Information:
^^^^^^^^

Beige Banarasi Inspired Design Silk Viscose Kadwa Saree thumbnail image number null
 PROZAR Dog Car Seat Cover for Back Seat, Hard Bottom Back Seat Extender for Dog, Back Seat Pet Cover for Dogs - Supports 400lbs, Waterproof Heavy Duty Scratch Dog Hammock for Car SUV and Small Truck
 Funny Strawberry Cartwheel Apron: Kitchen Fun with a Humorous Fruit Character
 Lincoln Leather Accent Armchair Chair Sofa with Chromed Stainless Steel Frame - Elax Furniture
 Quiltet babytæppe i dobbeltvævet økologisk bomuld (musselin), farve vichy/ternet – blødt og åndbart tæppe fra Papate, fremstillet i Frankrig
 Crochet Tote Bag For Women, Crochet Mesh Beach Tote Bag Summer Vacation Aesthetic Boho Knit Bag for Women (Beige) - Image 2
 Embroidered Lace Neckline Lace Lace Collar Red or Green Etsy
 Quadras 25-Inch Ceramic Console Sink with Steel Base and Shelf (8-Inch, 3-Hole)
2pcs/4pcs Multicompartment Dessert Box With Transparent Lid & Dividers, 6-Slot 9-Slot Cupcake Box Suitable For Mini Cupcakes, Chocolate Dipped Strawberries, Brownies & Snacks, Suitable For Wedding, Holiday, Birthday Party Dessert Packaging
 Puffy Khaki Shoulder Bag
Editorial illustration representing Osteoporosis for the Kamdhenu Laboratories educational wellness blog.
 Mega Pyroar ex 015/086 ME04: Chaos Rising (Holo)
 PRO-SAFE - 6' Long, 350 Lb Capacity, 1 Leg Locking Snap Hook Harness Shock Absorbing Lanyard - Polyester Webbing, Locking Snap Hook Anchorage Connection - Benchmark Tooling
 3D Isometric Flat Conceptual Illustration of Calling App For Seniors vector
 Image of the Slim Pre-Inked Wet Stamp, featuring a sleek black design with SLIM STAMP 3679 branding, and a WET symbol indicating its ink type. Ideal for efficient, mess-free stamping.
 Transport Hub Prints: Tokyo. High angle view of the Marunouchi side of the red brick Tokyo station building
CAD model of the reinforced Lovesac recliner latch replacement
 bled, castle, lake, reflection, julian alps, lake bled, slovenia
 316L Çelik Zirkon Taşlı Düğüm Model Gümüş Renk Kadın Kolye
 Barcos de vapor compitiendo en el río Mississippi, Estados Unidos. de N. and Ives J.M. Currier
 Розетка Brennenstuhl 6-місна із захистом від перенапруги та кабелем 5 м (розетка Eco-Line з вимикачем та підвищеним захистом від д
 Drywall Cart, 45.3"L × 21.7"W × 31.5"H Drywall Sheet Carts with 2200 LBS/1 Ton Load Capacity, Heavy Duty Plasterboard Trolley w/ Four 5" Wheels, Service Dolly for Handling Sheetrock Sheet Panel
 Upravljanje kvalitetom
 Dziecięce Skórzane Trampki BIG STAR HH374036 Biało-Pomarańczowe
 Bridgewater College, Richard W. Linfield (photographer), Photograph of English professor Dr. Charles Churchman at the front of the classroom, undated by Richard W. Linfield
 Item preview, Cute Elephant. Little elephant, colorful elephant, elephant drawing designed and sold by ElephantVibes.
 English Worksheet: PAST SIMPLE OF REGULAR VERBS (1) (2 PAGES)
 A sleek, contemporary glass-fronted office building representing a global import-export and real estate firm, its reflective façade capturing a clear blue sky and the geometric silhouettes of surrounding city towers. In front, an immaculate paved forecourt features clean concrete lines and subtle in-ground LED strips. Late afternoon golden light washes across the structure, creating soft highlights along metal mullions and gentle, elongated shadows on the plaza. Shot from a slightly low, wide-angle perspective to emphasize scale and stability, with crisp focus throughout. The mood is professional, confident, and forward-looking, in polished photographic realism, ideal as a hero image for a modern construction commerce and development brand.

^^^^^^^^

Task description: An exact copy of every line above is what this asks for.

Task output:
Beige Banarasi Inspired Design Silk Viscose Kadwa Saree thumbnail image number null
 PROZAR Dog Car Seat Cover for Back Seat, Hard Bottom Back Seat Extender for Dog, Back Seat Pet Cover for Dogs - Supports 400lbs, Waterproof Heavy Duty Scratch Dog Hammock for Car SUV and Small Truck
 Funny Strawberry Cartwheel Apron: Kitchen Fun with a Humorous Fruit Character
 Lincoln Leather Accent Armchair Chair Sofa with Chromed Stainless Steel Frame - Elax Furniture
 Quiltet babytæppe i dobbeltvævet økologisk bomuld (musselin), farve vichy/ternet – blødt og åndbart tæppe fra Papate, fremstillet i Frankrig
 Crochet Tote Bag For Women, Crochet Mesh Beach Tote Bag Summer Vacation Aesthetic Boho Knit Bag for Women (Beige) - Image 2
 Embroidered Lace Neckline Lace Lace Collar Red or Green Etsy
 Quadras 25-Inch Ceramic Console Sink with Steel Base and Shelf (8-Inch, 3-Hole)
2pcs/4pcs Multicompartment Dessert Box With Transparent Lid & Dividers, 6-Slot 9-Slot Cupcake Box Suitable For Mini Cupcakes, Chocolate Dipped Strawberries, Brownies & Snacks, Suitable For Wedding, Holiday, Birthday Party Dessert Packaging
 Puffy Khaki Shoulder Bag
Editorial illustration representing Osteoporosis for the Kamdhenu Laboratories educational wellness blog.
 Mega Pyroar ex 015/086 ME04: Chaos Rising (Holo)
 PRO-SAFE - 6' Long, 350 Lb Capacity, 1 Leg Locking Snap Hook Harness Shock Absorbing Lanyard - Polyester Webbing, Locking Snap Hook Anchorage Connection - Benchmark Tooling
 3D Isometric Flat Conceptual Illustration of Calling App For Seniors vector
 Image of the Slim Pre-Inked Wet Stamp, featuring a sleek black design with SLIM STAMP 3679 branding, and a WET symbol indicating its ink type. Ideal for efficient, mess-free stamping.
 Transport Hub Prints: Tokyo. High angle view of the Marunouchi side of the red brick Tokyo station building
CAD model of the reinforced Lovesac recliner latch replacement
 bled, castle, lake, reflection, julian alps, lake bled, slovenia
 316L Çelik Zirkon Taşlı Düğüm Model Gümüş Renk Kadın Kolye
 Barcos de vapor compitiendo en el río Mississippi, Estados Unidos. de N. and Ives J.M. Currier
 Розетка Brennenstuhl 6-місна із захистом від перенапруги та кабелем 5 м (розетка Eco-Line з вимикачем та підвищеним захистом від д
 Drywall Cart, 45.3"L × 21.7"W × 31.5"H Drywall Sheet Carts with 2200 LBS/1 Ton Load Capacity, Heavy Duty Plasterboard Trolley w/ Four 5" Wheels, Service Dolly for Handling Sheetrock Sheet Panel
 Upravljanje kvalitetom
 Dziecięce Skórzane Trampki BIG STAR HH374036 Biało-Pomarańczowe
 Bridgewater College, Richard W. Linfield (photographer), Photograph of English professor Dr. Charles Churchman at the front of the classroom, undated by Richard W. Linfield
 Item preview, Cute Elephant. Little elephant, colorful elephant, elephant drawing designed and sold by ElephantVibes.
 English Worksheet: PAST SIMPLE OF REGULAR VERBS (1) (2 PAGES)
 A sleek, contemporary glass-fronted office building representing a global import-export and real estate firm, its reflective façade capturing a clear blue sky and the geometric silhouettes of surrounding city towers. In front, an immaculate paved forecourt features clean concrete lines and subtle in-ground LED strips. Late afternoon golden light washes across the structure, creating soft highlights along metal mullions and gentle, elongated shadows on the plaza. Shot from a slightly low, wide-angle perspective to emphasize scale and stability, with crisp focus throughout. The mood is professional, confident, and forward-looking, in polished photographic realism, ideal as a hero image for a modern construction commerce and development brand.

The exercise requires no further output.